Upon a successful check, the previous ladder is replaced.
No private keys or secrets are required during verification.
Retries, replays, and idempotence are handled by the transport layer (age counters, time-boxes, etc.).
3. Terminology
- Hash function f — a cryptographic one-way function (default: SHA-256).
- Height N — ladder size (N ≥ 2, default N = 5).
- Age k — generation number (u32 or u64).
- Origin (originₖ) — random bytes from which the base blocks tₖ…tₖ₊ₙ₋₁ are derived.
- Generator G — deterministic PRF/KDF expanding originₖ into N “raw” blocks.
- Rolling-origin (MUST) — new origin per step; prior origins are discarded for post-compromise security.
4. Ladder Construction
Let tₖ … tₖ₊ₙ₋₁ be raw blocks (level F⁰).
- ULDA-S: Fᵈᵢ = fᵈ(tₖ₊ᵢ) for all d ≤ i < N.
- ULDA-X: F⁰ᵢ = tₖ₊ᵢ; Fᵈᵢ = f(F^{d−1}_{i−1} || F^{d−1}_ᵢ).
The resulting step Sₖ is a triangular matrix Fᵈᵢ of height N.
5. Verification Rules
Let Sₖ be the current valid step; P be the new proposal.
5.1 No skip (S and X)
∀ d ∈ [0, N−1], i ∈ [d, N−2]:
P[d][i] == Sₖ[d][i+1]
5.2 Skip g (S only)
∀ d ∈ [0, N−g−1], i ∈ [d, N−g−1]:
apply_f_diagonal(P[d][i], g) == Sₖ[d][i+g]
Skips g ≥ N are invalid. ULDA-X forbids skipping entirely.
6. Packaging — ULDAPack-Min v1
A minimal binary container with no extensions.
| Field | Description |
|---|---|
| height | N (4 bits or 1 byte) |
| age | k (u32 or u64) |
| line | Ladder Sₖ, row-wise serialization (N(N+1)/2 elements of |
Invariants:
Age increases monotonically; identical (height, age) pairs must never repeat.
7. Security & Cost
- One-time monotonicity — each Sₖ is single-use; replays are rejected.
- Computation cost: generation ≈ N(N−1)/2 hashes; verification ≈ N−1.

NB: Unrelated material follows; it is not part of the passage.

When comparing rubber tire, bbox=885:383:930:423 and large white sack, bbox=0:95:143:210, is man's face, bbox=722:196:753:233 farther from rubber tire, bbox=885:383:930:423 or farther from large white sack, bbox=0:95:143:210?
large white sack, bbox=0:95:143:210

- Post-compromise recovery: achieved via Rolling-origin (new entropy per step).
8. Default Profiles
| Profile | Hash | N | Origin mode |
|---|---|---|---|
| ULDA-S-base | SHA-256 | 5 | Rolling-origin |
| ULDA-X-base | SHA-256 | 5 | Rolling-origin |
Recommended additional hash functions: SHA-512/256, BLAKE2b-256, SHA3-256.
9. Operational Notes
- Resynchronization: a valid next step (or skip ≤ N−1 for S) is sufficient to recover sync.

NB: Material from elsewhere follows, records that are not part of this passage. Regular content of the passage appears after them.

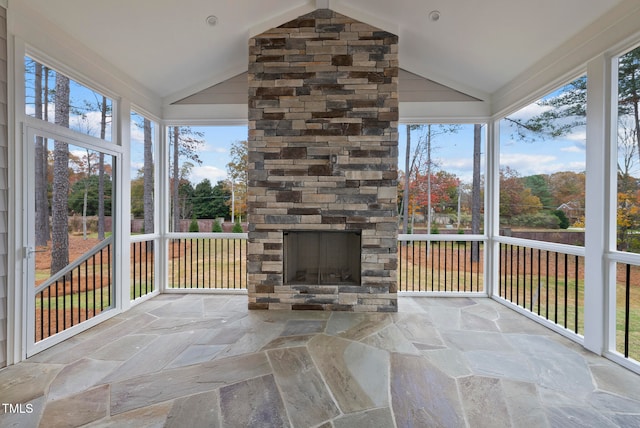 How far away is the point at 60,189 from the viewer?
2879 millimetres

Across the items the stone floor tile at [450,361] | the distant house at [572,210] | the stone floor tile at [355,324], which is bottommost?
the stone floor tile at [450,361]

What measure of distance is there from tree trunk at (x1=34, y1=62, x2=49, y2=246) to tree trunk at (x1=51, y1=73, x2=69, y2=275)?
91 mm

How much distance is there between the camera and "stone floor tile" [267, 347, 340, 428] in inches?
72.0

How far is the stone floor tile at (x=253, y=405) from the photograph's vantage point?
1.77 meters

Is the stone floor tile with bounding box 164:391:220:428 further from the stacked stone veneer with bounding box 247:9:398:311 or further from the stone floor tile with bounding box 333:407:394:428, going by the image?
the stacked stone veneer with bounding box 247:9:398:311

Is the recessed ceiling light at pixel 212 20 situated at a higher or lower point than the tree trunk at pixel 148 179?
higher

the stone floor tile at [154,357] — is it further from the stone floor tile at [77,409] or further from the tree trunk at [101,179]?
the tree trunk at [101,179]

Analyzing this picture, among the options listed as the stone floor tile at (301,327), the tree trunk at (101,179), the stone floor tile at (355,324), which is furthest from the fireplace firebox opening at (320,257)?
the tree trunk at (101,179)

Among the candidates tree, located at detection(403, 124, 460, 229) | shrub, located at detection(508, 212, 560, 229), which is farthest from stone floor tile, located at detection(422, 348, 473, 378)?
tree, located at detection(403, 124, 460, 229)

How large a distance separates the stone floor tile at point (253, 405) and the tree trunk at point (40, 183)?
2.15 metres

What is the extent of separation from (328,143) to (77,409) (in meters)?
3.20

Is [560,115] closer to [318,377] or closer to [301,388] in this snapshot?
[318,377]

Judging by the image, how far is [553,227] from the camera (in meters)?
3.38

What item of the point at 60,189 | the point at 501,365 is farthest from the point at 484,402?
the point at 60,189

- Multi-client mode: multiple nodes may extend the same chain; transport must decide who publishes next.
10. Conformance
A compliant implementation MUST:
- Implement at least one base profile from §8.
- Support the ULDAPack-Min v1 structure.
- Enforce verification rules from §5 (skip limits, monotonic age).
Test vectors for N=5 (S and X) are published in the ULDA Spec repository.